Pattern Recognition and Reinforcement Learning

Overview

Problem: Getting son to eat broccoli

Strategies:

  • Acclimatization: Serve once a week until he gets used to it
  • Better than alternative: It’s better than spinach
  • Enticements: We’ll watch your favorite movie after
  • Trickery: It’s candy
  • Testimonial: Your best friend likes it
  • Wait it out: We’re not leaving this table until …
  • Piecemeal: Just one little bite
  • Appeal to Reason: Great source of vitamins K and C

Reinforcement Learning:

Randomly try strategies. If they work, choose them more often.

Rock Paper Scissors

This is an iterated adversarial zero-sum two-person game of perfect information.

_images/300px-Rock-paper-scissors.svg.png

The scoring logic is easily encoded in a Python dictionary:

# scorer['RS'] -> 1 meaning Rock cuts Scissors is +1 for the first player.
scorer = dict(SP=1, PR=1, RS=1, PS=-1, RP=-1, SR=-1, SS=0, PP=0, RR=0)
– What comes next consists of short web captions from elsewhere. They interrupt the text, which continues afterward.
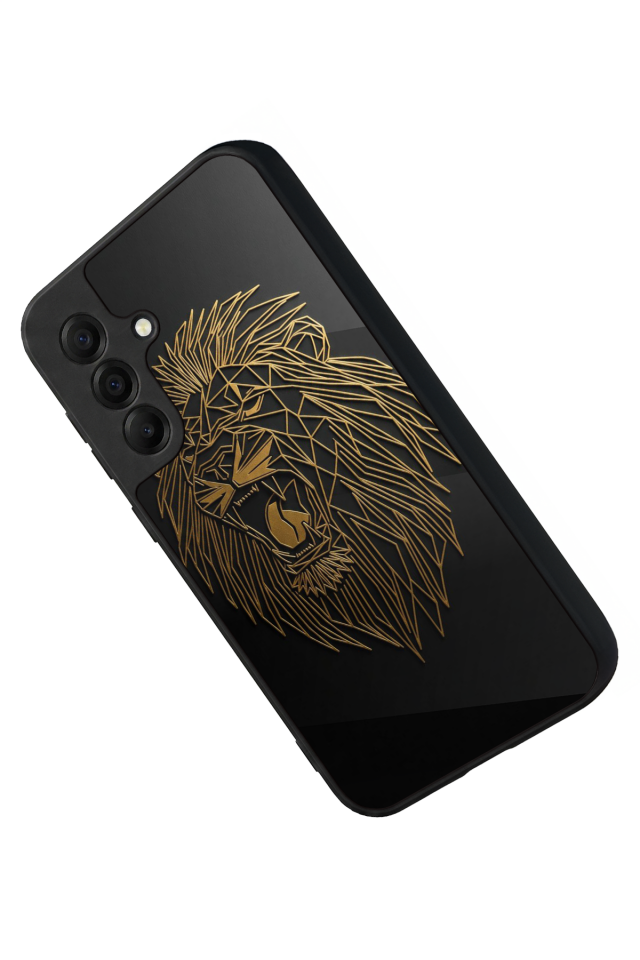 Samsung Galaxy A17 Uyumlu Aslan Tasarımlı Glossy Premium Kılıf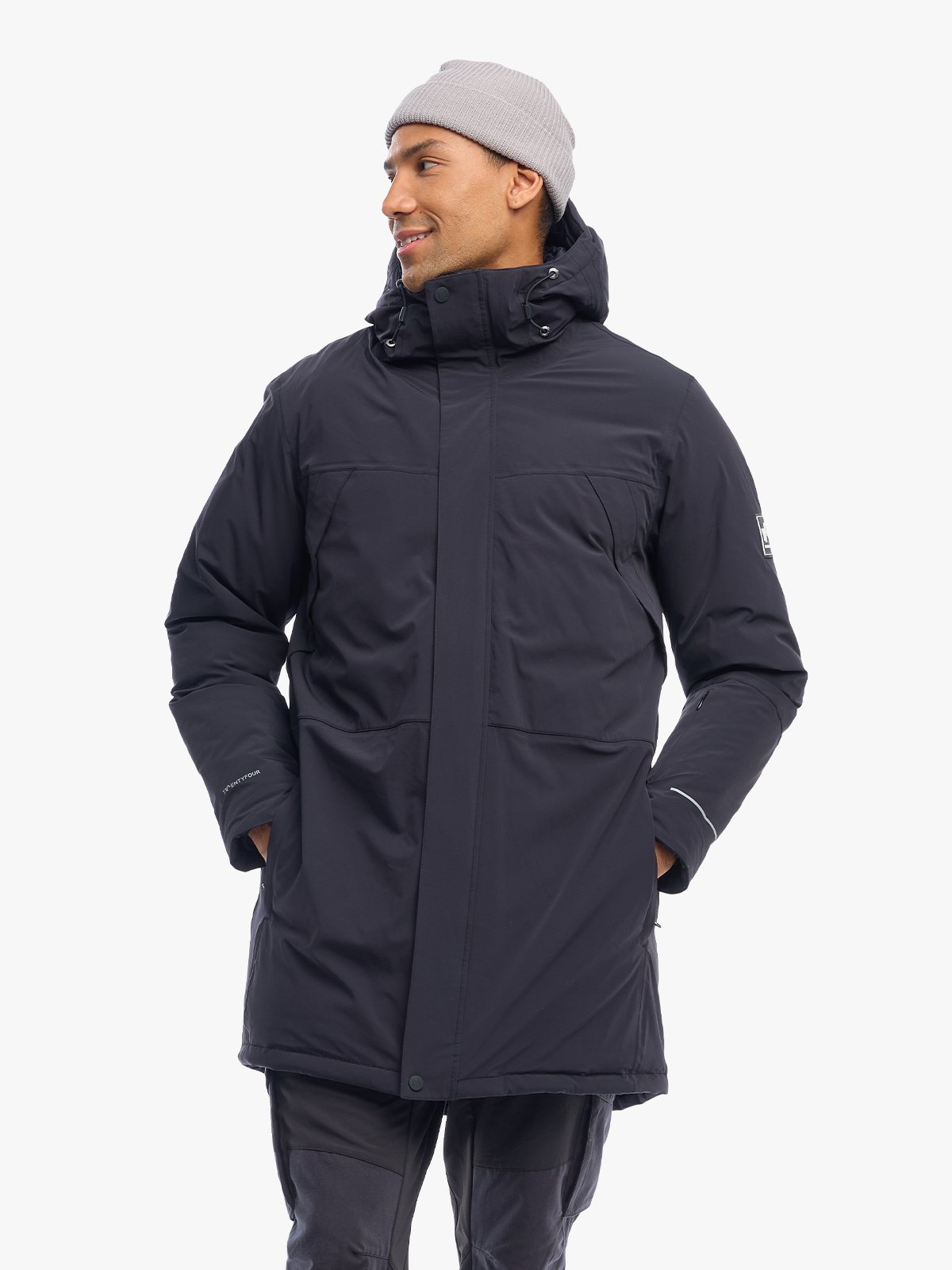 Twentyfour Finse Dunparkas H Blekkblå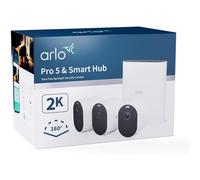 Arlo Pro 5 Security Camera Wireless with Smarthub, 2K HDR Video, Battery Operated, Colour Night Vision, Dual Band WiFi, 2-Way Audio, Local Storage, A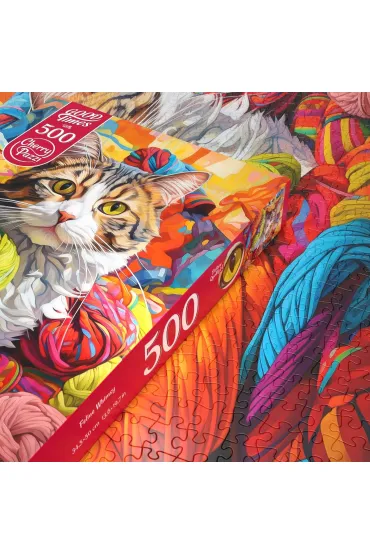 Puzzle 500 el. Feline Whimsy CherryPazzi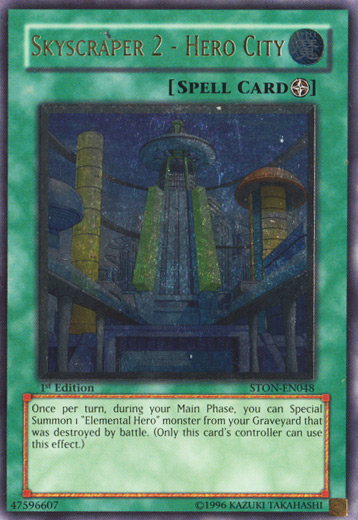 Skyscraper 2 - Hero City [STON-EN048] Ultimate Rare | Dragon's Lair Comics and Fantasy Houston TX
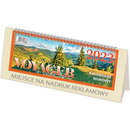 Kalendarz biurowy VOYAGER 2026 (H4b) - bia�y TELEGRAPH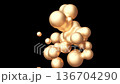 Flying spheres with a liquid effect. 136704290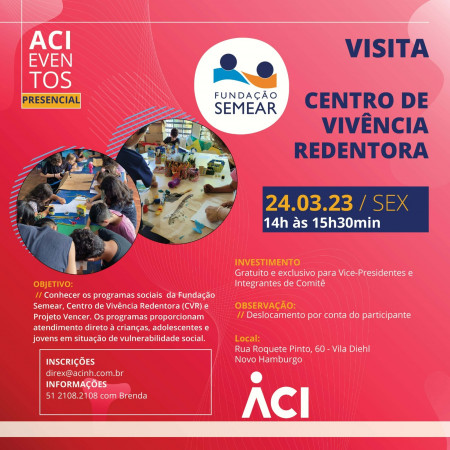 Participe da visita ao Centro Vivência Redentora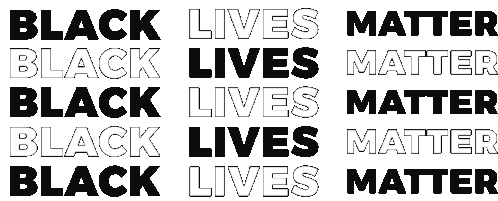 Gudubeater Black Lives Matter Sticker - Gudubeater Black Lives Matter Black Stickers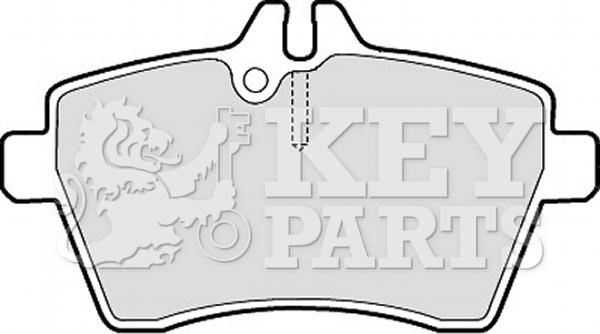 Key Parts KBP1950 - Комплект спирачно феродо, дискови спирачки vvparts.bg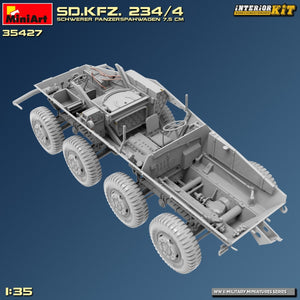 MiniArt 35427 Sd.Kfz. 234/4 SCHWERER PANZERSPÄHWAGEN 7,5 cm. INTERIOR KIT 1/35 – Bild 18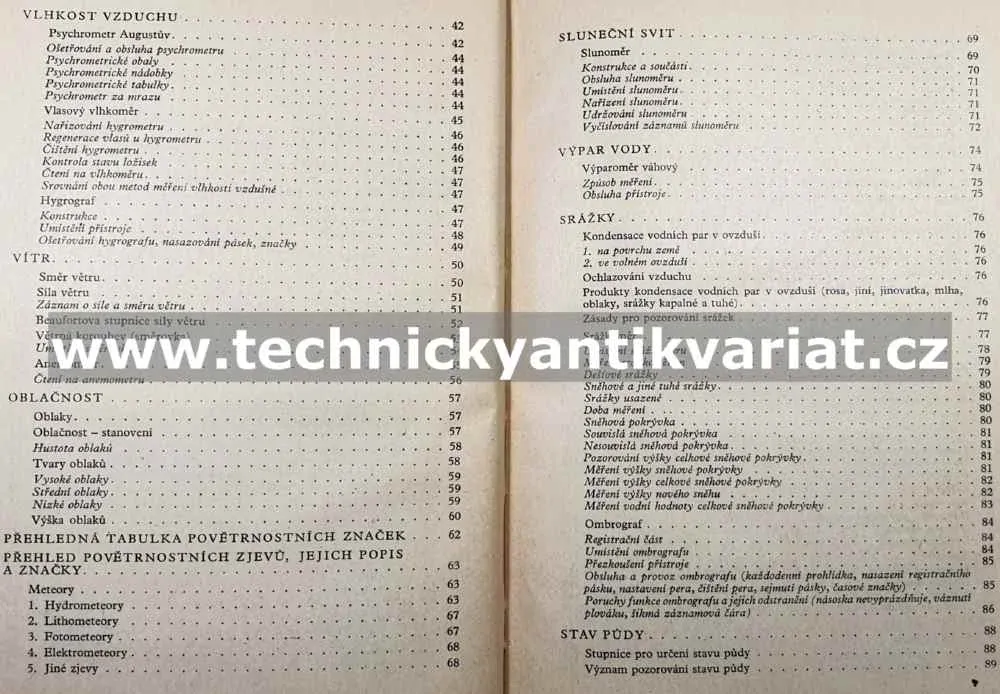 Návod pozorovatelé povětrnostních stanic meteorologické služby v ČSR (1955)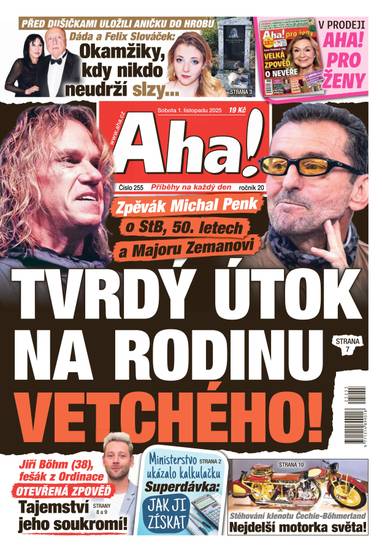 Aha! - 1.11.2025 - CZECH NEWS CENTER a. s.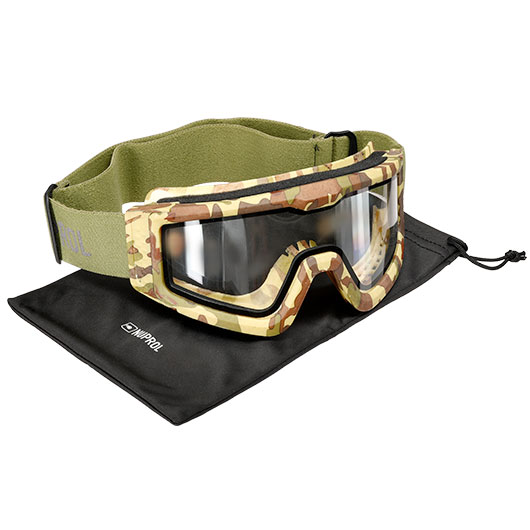 Nuprol Battle Visor Dual Lens Eye Protection Airsoft Helmbrille / Schutzbrille camo Bild 4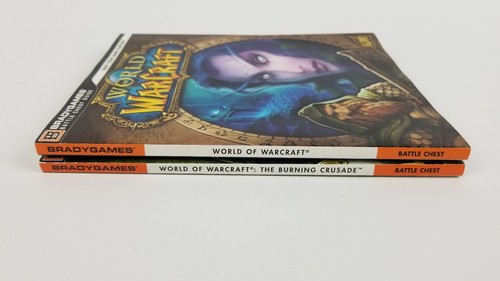 (Lot of 2) World of Warcraft Battle Chest Strategy Burning Crusade Bradygames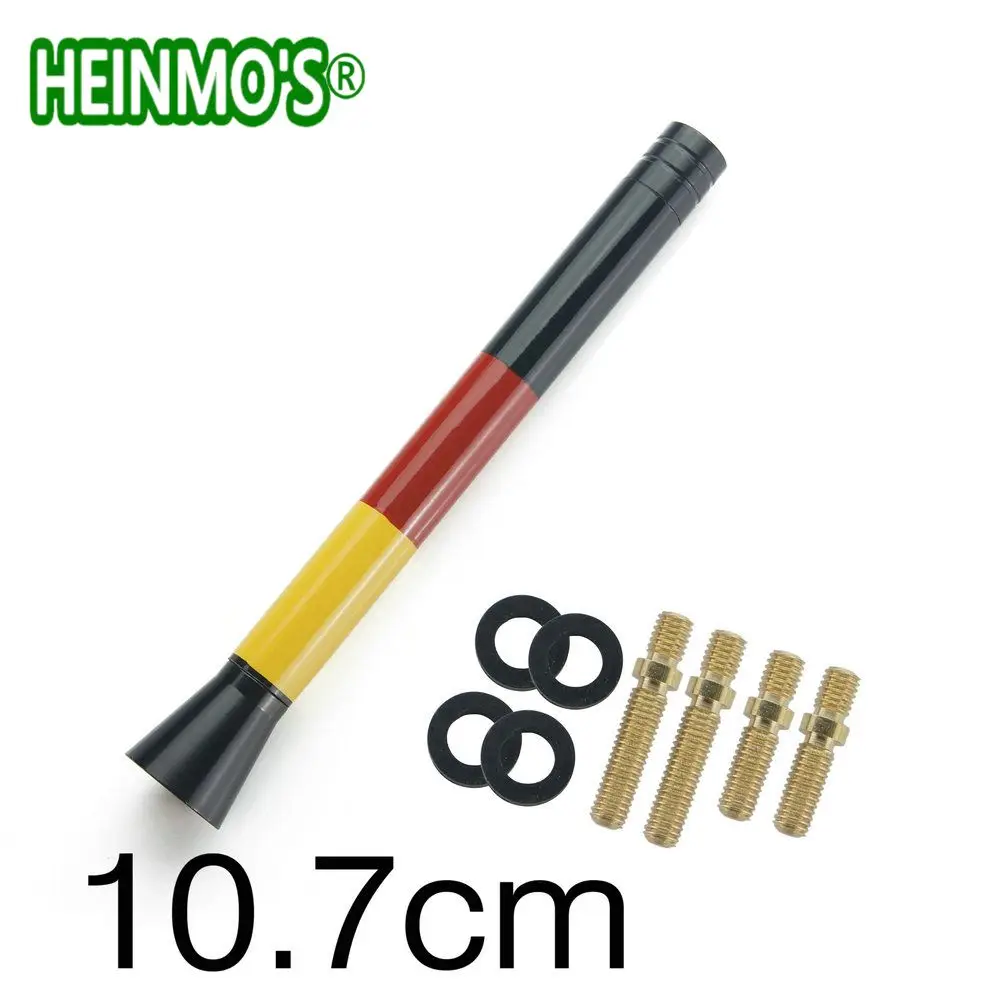 Flag DE 107mm Аксессуары для MINI Cooper, земляк для MINI Cooper R56 R50 R53 R55 R60, одна автомобильная антенна для MINI F56 F55 F54 F60 F61 - Цвет: Flag DE 107mm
Now, it’s time to thinking about winning (not losing):

  • Playing randomly assures that we lose no more than one-third of the time, regardless of our opponent’s strategy.
  • If our opponent is completely predictable, we can always win.
  • In the real world, humans have a hard time simulating perfect randomness or who “have a plan” to beat us:
    • A mild preference for paper
    • Propensity to select rock after they’ve played scissors
    • If we play paper, they often select scissors on the next round
    • They tend to copy our last play
  • In other words, there may be patterns that we can detect and exploit to win more than a third of the time.

Our Approach

  • Generate multiple competing pattern recognition strategies

  • Choose between the strategies multi-arm bandit approach to reinforcement learning.

  • Core logic:

    for trial in range(trials):
      # choose our move
      # get opponent's move
      # determine the winner
      # update move history and strategy weights
    

Helpful Python Skills

  • itertools.chain() links to multiple iterables into one:

    >>> from itertools import chain
    >>> list(chain('RPRPS', 'RPS'))
    ['R', 'P', 'R', 'P', 'S', 'R', 'P', 'S']
    
  • itertools.cycle() repeats a sequence over and over again:

    >>> from itertools import cycle, islice
    >>> list(islice(cycle('RPS'), 9))
    ['R', 'P', 'S', 'R', 'P', 'S', 'R', 'P', 'S']
    
  • collections.Counter() tallies frequencies of the inputs:

    >>> from collections import Counter
    >>> Counter('RPRPSRPSR')
    Counter({'R': 4, 'P': 3, 'S': 2})
    
  • Counter.most_common(n) picks the n most common counts:

    >>> Counter('RPRPSRPSR').most_common(2)
    [('R', 4), ('P', 3)]
    
  • zip(*somedict.items()) transposes items into a separate keys and values:

    >>> d = dict(R=4, P=3, S=2)
    >>> keys, values = zip(*d.items())
    >>> keys
    ('R', 'P', 'S')
    >>> values
    (4, 3, 2)
    
  • zip(a, a[1:]) groups input into overlapping digraphs:

    >>> a = 'abcde'
    >>> list(zip(a, a[1:]))
    [('a', 'b'), ('b', 'c'), ('c', 'd'), ('d', 'e')]
    
  • random.choices(population, weights)[0] makes a weighted choice from a population:

    >>> from random import choices
    >>> choices(['R', 'P', 'S'], [6, 3, 1], k=10)
    ['P', 'P', 'R', 'S', 'R', 'P', 'P', 'R', 'R', 'P']
    >>> Counter(_)
    Counter({'P': 5, 'R': 4, 'S': 1})
    

The Code

''' Generic learning algorithm for adversarial two-person
    zero-sum games of perfect information.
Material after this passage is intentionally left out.